II

We use cookies. Read the Privacy and Cookie Policy

II

Самой серьезной проблемой для Курчатова стало получение урана и графита для сборки. В начале 1943 г. у него был только «пестрый набор» «небольших количеств разнородных, далеко не лучшей чистоты кустарных изделий в виде кусков урана и порошкового урана и его окислов»{458}.[133] Это было намного меньше 50–100 тонн, необходимых для уран-графитовой сборки, по его оценке, приведенной в докладе Первухину. В 1943 г. в распоряжении Курчатова имелись только одна-две тонны урана, как сообщал он Первухину в июле этого года, и было совершенно неясно, сколько времени понадобится для получения нужных 50 тонн{459}.

Первухин и Курчатов вызвали в Москву Хлопина, чтобы тот доложил об имеющихся государственных запасах, которые оказались незначительными по сравнению с тем, что было нужно Курчатову{460}. Когда Ферсман в ноябре 1940 г. докладывал на заседании Урановой комиссии о его и Хлопина экспедиции в Среднюю Азию, он сказал, что к 1942–1943 гг. можно будет извлекать ежегодно 10 тонн урана. При таких темпах Курчатову понадобилось бы от пяти до десяти лет, чтобы получить уран в необходимом для его сборки количестве{461}. В 1943 г., после доклада Хлопина, правительство дало задание Наркомату цветной металлургии как можно скорее получить 100 тонн чистого урана{462}. Это указание мало что дало: «как можно скорее» на практике отнюдь не означало «в первую очередь», так как лишь первоочередные приказы должны были выполняться к определенной дате.
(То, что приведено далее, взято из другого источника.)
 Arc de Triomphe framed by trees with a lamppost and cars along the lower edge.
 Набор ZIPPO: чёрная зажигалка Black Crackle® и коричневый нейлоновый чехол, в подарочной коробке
В мае 1943 г. Курчатов просил Н.П. Сужина и З.В. Ершову из Института редких и драгоценных металлов снабдить его разными соединениями урана и металлическим ураном, причем в каждом случае требовалась необычайно высокая химическая чистота. Первый слиток урана весом около килограмма был получен в лаборатории Ершовой в конце 1944 г. в присутствии комиссии, возглавляемой Первухиным{463}. Прежде чем получить уран, который ему был необходим, Курчатову предстояло пройти еще долгий путь.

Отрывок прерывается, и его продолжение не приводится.